Look at a typical half‑day clinic:
- 1:00–1:15 p.m. – Pre‑chart patients
- 1:15–4:15 p.m. – Direct patient care
- 4:15–4:35 p.m. – Dedicated inbasket/refills
- 4:35–5:00 p.m. – Finish priority notes
If your clinic does not officially block this time, you still mentally reserve it. You stop picking up new non-urgent issues after that point so that refills get done before they become “evening work.”
| Category | Value |
|---|---|
| No scheduled time | 90 |
| 15 min blocked | 45 |
| 30 min blocked | 20 |
Those numbers represent average minutes of after‑hours EHR time per clinic day in residents I have worked with. Blocking a small amount of protected time is not a luxury. It is survival.
9. Poor Communication With Attendings About Refill Expectations
Another mistake that burns interns: not clarifying whose refills you are responsible for and under what conditions.
Common scenarios:
- Every refill for any patient you saw once now gets routed to you for a full year.
- Your attending expects you to handle all their old panel refills too, without telling you.
- You assume someone else is dealing with high‑risk meds—but your name is on the refill because you were the last one to see the patient.
You need to have an explicit conversation with your clinic preceptor or program leadership early on:
Ask them, directly:
- “Which patients’ refills should come to me?”
- “What is our policy on anticoagulant / opioid / benzo refills?”
- “If I am not in clinic, who handles my refill inbox?”
- “Under whose name should controlled substances be refilled—yours or mine?”
Silent assumptions here create conflict, angry attendings, and unsafe care.
If the system routes everything to you by default, push back:
- Request shared or team inbaskets.
- Ask for specific high‑risk meds to route to attendings until you feel competent.
- Document when you refuse a refill and why, so nobody accuses you of neglecting work.
You are an intern, not a refill machine for the entire practice.
10. Forgetting That “No” Is Sometimes the Safest Answer
The last mistake is psychological: feeling guilty for declining refills.
You will get pressure—from patients, pharmacies, sometimes even staff—to “just refill it this once.” Especially for controlled meds, complex psych meds, or patients who bounce between clinics.
Saying “yes” feels easier in the moment. It avoids conflict and arguments. But it can be unsafe, and it trains everyone to expect that you will cave.
You are allowed to say no.
Examples where “no” is appropriate:
- Long‑term benzodiazepine use with clear documentation of plan to taper; patient has refused follow‑up 3 times.

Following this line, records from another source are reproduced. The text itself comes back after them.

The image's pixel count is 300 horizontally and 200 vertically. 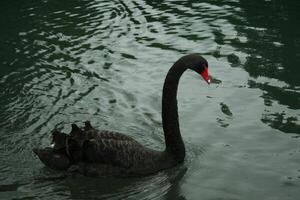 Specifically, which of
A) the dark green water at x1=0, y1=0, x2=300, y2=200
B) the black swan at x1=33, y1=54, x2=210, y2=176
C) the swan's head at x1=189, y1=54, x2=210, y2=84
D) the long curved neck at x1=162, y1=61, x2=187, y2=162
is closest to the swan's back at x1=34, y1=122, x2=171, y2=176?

- Opioid prescription from ED months ago with no chronic plan, now being funneled to you as PCP by default.
- DOAC in a patient with new severe renal dysfunction and no specialist input.
- Multiple early refill requests for stimulants with no upcoming visit.
When you say no, do it the right way:
- Document your clinical rationale clearly.
- Offer alternatives (short bridge only if truly necessary, urgent visit, or referral).
- Communicate in plain language (not cryptic EHR-speak) so the patient and team understand.
“The patient got upset” is not a reason to compromise your clinical judgment.

The Bottom Line: Protect Your Time, Protect Your License
If you are not careful, medication refill requests will quietly wreck your clinic days and expose you to unnecessary risk.
Keep three things in your head:
Refills are real clinical decisions, not “admin.”
Treat them with the same seriousness you would a new prescription—check visits, labs, vitals, and risk before you click.Have a repeatable system instead of random clicking.
Triage, batch by risk, use templates, and carve out protected time so refills do not bleed into every corner of your day.You are allowed to create friction where safety demands it.
Short supplies, required labs, mandatory visits, and occasional firm “no” are not cruelty—they are how you avoid harming patients and burning yourself out.
Do not wait until month 8 of intern year to fix your refill workflow. By then, the bad habits are ingrained. Start protecting yourself now.